What needs to be done:
Find the line containing "A.S.98 Lorrie Open" in the entries below. Restate it and each line after it, word for word, up to and including the line containing "chinese new year".

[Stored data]
━━━━━━━━

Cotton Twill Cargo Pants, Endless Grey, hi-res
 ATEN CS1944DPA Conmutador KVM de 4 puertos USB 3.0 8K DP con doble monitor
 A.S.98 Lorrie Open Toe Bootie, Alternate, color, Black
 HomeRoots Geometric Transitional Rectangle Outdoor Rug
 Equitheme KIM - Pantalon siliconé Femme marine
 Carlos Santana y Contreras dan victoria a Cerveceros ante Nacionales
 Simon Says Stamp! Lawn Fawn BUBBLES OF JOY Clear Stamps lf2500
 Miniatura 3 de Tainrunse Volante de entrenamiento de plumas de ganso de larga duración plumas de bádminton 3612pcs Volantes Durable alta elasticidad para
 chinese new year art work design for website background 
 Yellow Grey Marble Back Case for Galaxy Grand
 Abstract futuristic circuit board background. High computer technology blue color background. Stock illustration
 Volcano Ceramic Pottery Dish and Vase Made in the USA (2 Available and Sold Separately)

━━━━━━━━

Exercise answer:
 A.S.98 Lorrie Open Toe Bootie, Alternate, color, Black
 HomeRoots Geometric Transitional Rectangle Outdoor Rug
 Equitheme KIM - Pantalon siliconé Femme marine
 Carlos Santana y Contreras dan victoria a Cerveceros ante Nacionales
 Simon Says Stamp! Lawn Fawn BUBBLES OF JOY Clear Stamps lf2500
 Miniatura 3 de Tainrunse Volante de entrenamiento de plumas de ganso de larga duración plumas de bádminton 3612pcs Volantes Durable alta elasticidad para
 chinese new year art work design for website background 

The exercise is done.